- **TASK INSTRUCTIONS**
Nothing but the lines from the one with "LOUIS VUITTON Cosmetic" through the last line of the entries below should appear in the copy, please, and no pictures.
[RECORDS FOR PROCESSING — start]
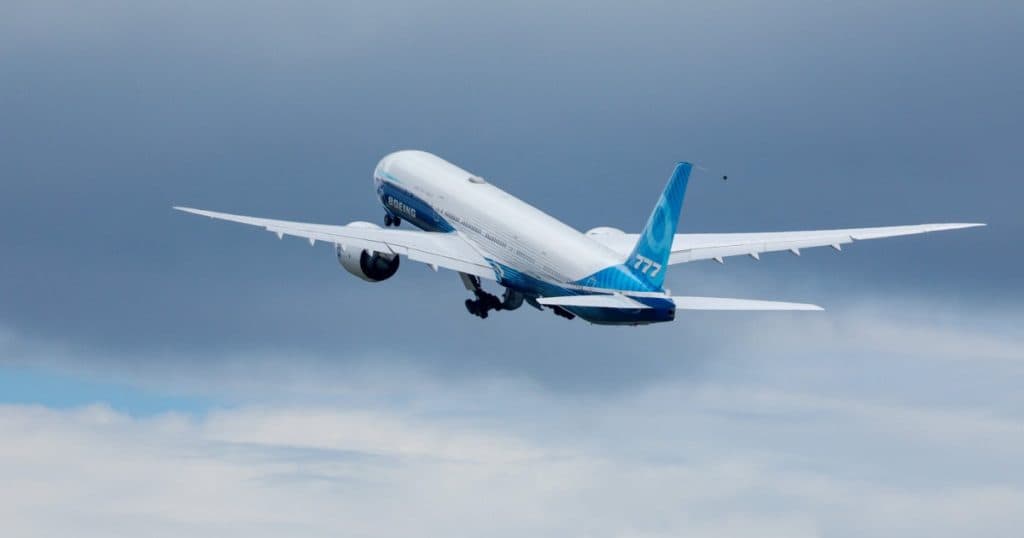 Boeing a reluat testele pentru avionul său cu fuzelaj larg 777X, după o defecțiune care a dus la suspendarea flotei în vară.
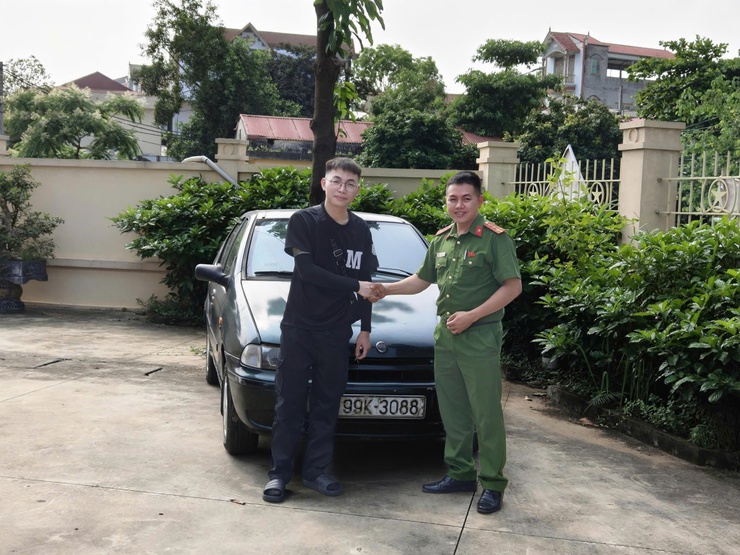 Công an xã Phú Cát kịp thời hỗ trợ người dân nhận lại phương tiện bị bỏ quên- Ảnh 2.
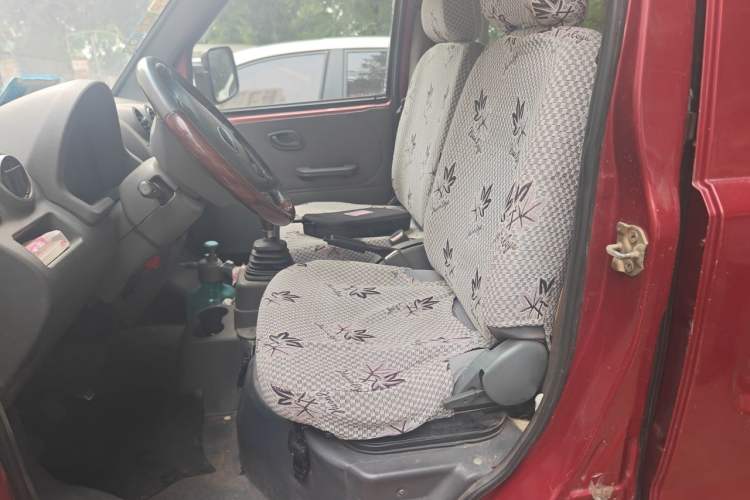 Used GAC Gonow Xingwang 2010 1.0L Base Version (Air Conditioning) Left Front Seat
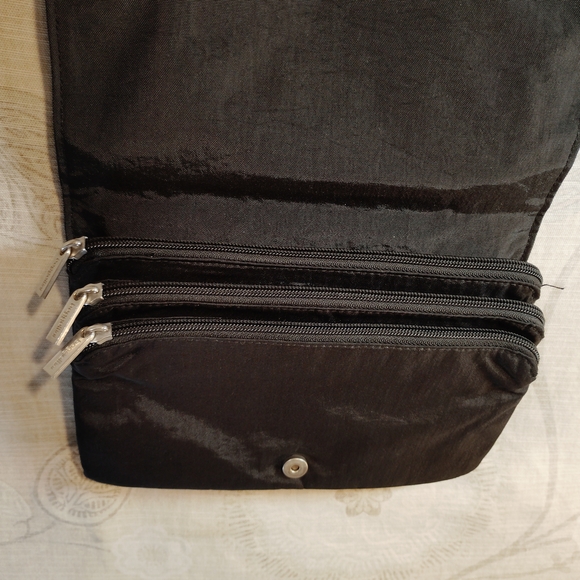 Baggallini Black Crossbody Bag - Picture 5 of 6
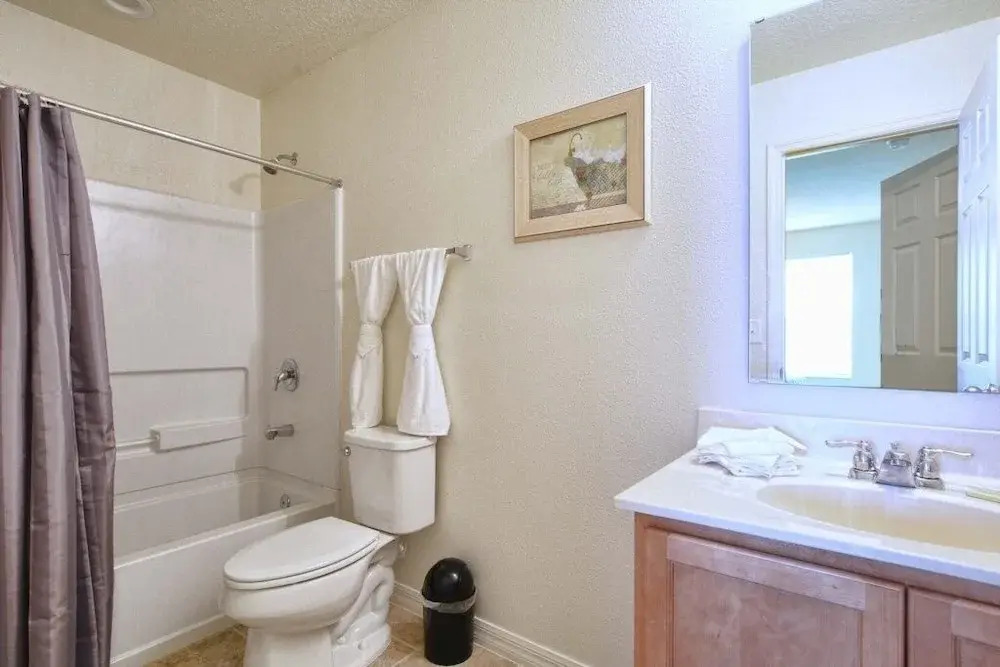 Compass Bay- 4 Bedroom Townhome - 1954CY 4 Townhouse by RedAwning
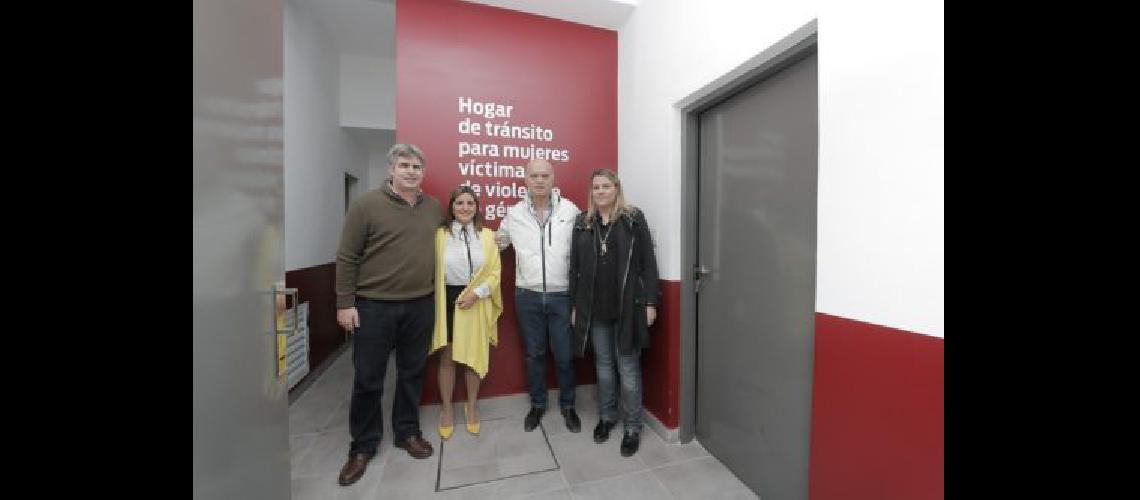 Primer aniversario del Hogar de Viacutectimas de Geacutenero de Lanuacutes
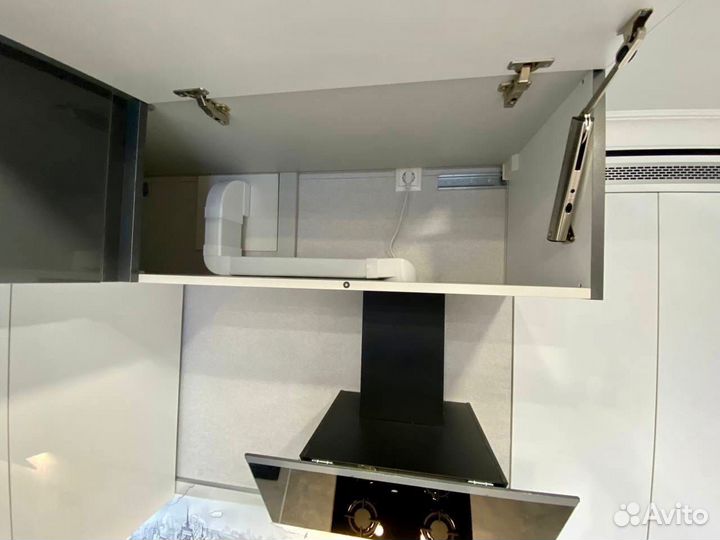 Кухня на заказ. Фабрика производитель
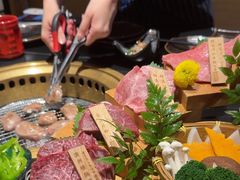 -山川小町·极番烧肉(新地假日广场店)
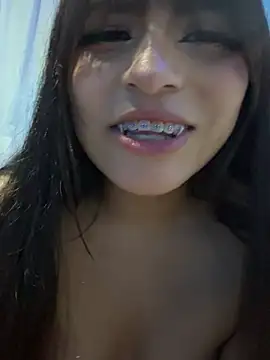 Snapshot of Lily_candy_X chatting on 03-19-25, 04:25 Lily candy X online show from 03-19-25, 04:25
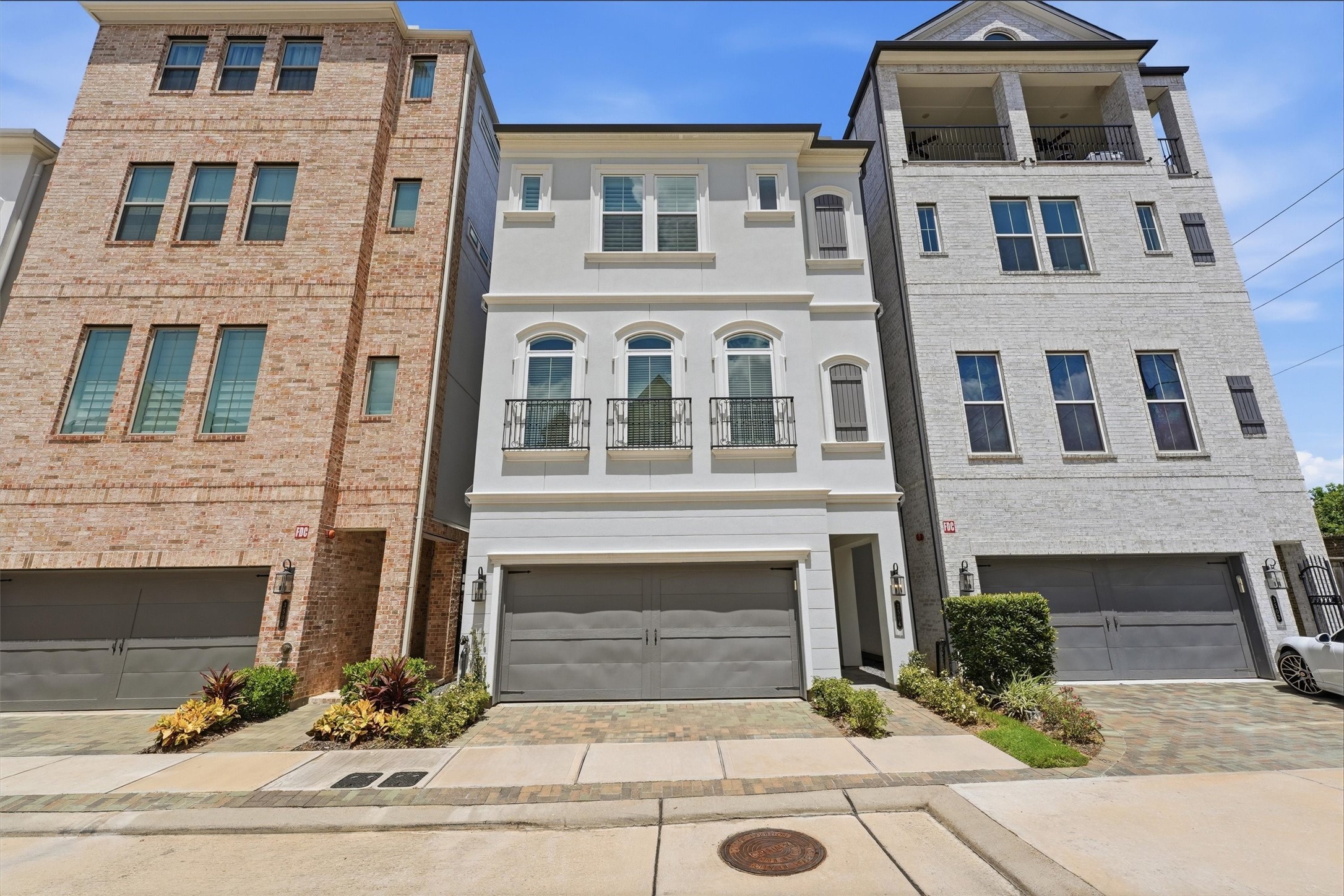 3504 Bridgewater Oaks Lane Property Photo 1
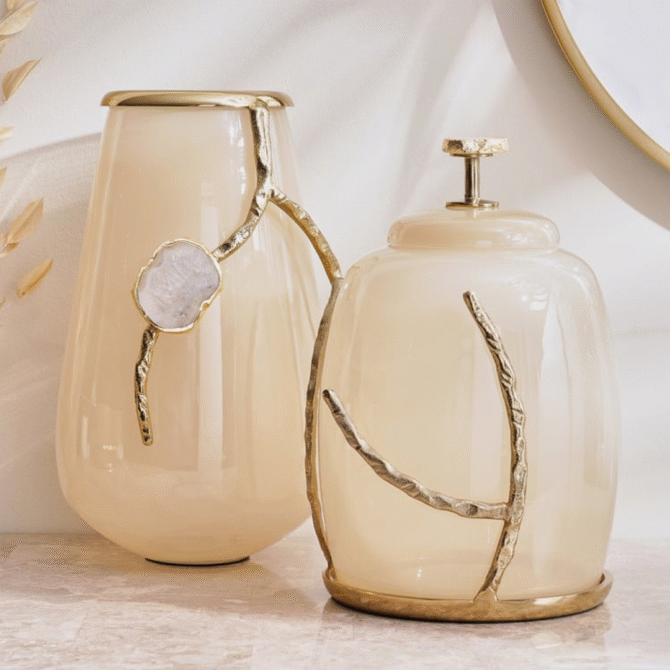 Vases - Image 2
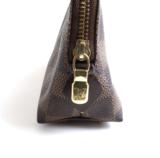 LOUIS VUITTON Cosmetic Pouch PM, - Handtaschen & Accessoires 2023/10/05 -  Realized price: EUR 170 - Dorotheum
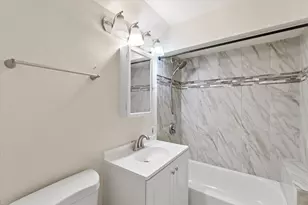 4872 N 40th St, Milwaukee, WI 53209 - Photo 5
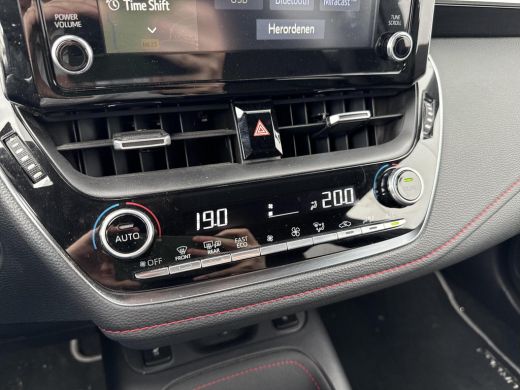 Toyota Corolla Touring Sports 1.8 Hybrid Style **NAVIGATIE/ STOELVERWARMING/ ELEKTRISCHE ACHTERKLEP/ 36 MAANDEN GARANTIE** ActivLease financial lease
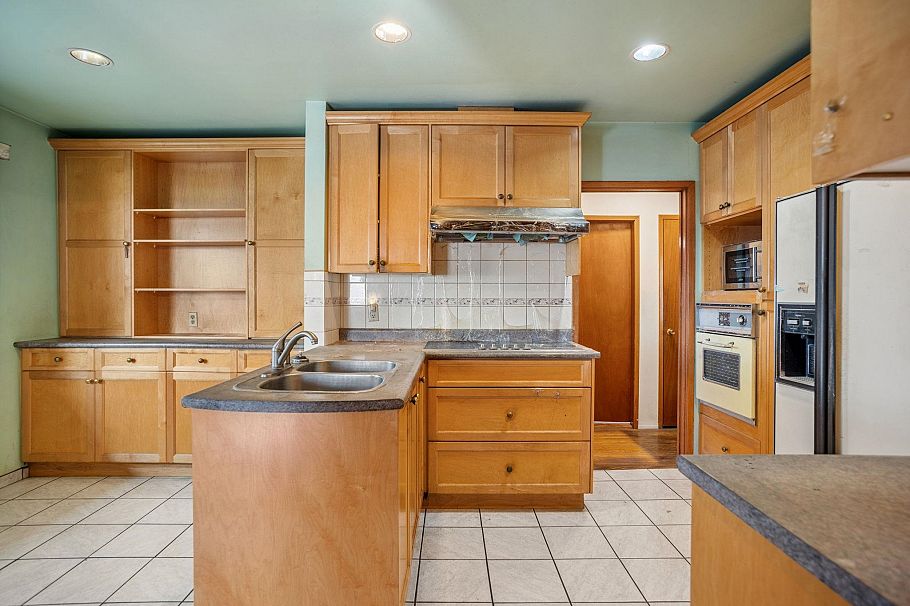 1388 E 60th Avenue Vancouver, BC - 14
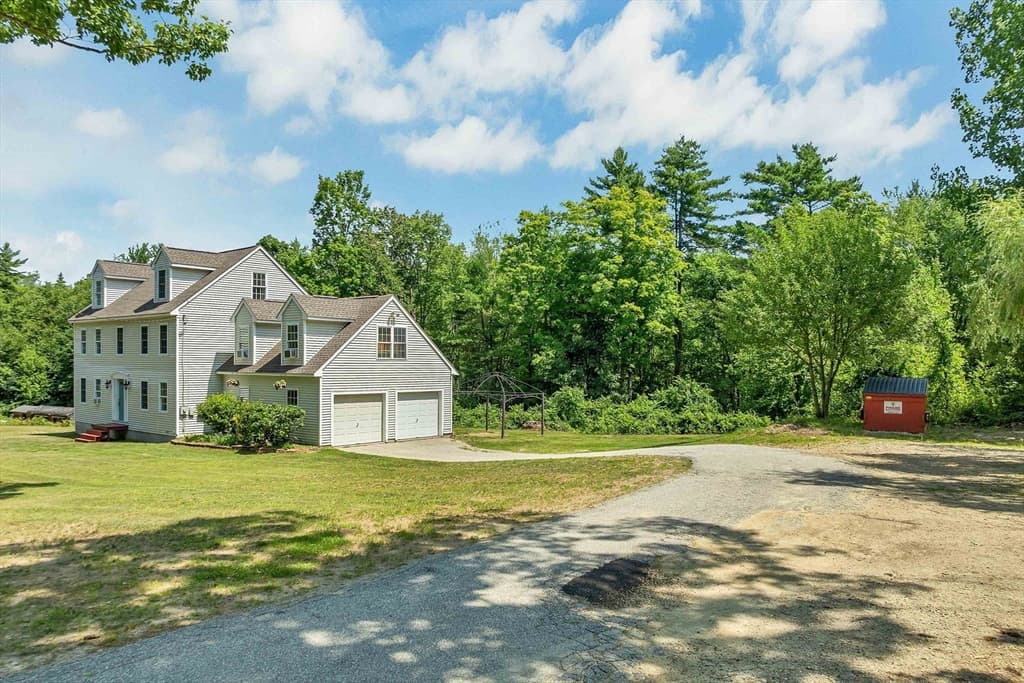 197 Grapevine, Dunbarton NH 03046 photo 5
[RECORDS FOR PROCESSING — finish]
- **SOLUTION TO THIS EXERCISE**
 LOUIS VUITTON Cosmetic Pouch PM, - Handtaschen & Accessoires 2023/10/05 -  Realized price: EUR 170 - Dorotheum
 4872 N 40th St, Milwaukee, WI 53209 - Photo 5
 Toyota Corolla Touring Sports 1.8 Hybrid Style **NAVIGATIE/ STOELVERWARMING/ ELEKTRISCHE ACHTERKLEP/ 36 MAANDEN GARANTIE** ActivLease financial lease
 1388 E 60th Avenue Vancouver, BC - 14
 197 Grapevine, Dunbarton NH 03046 photo 5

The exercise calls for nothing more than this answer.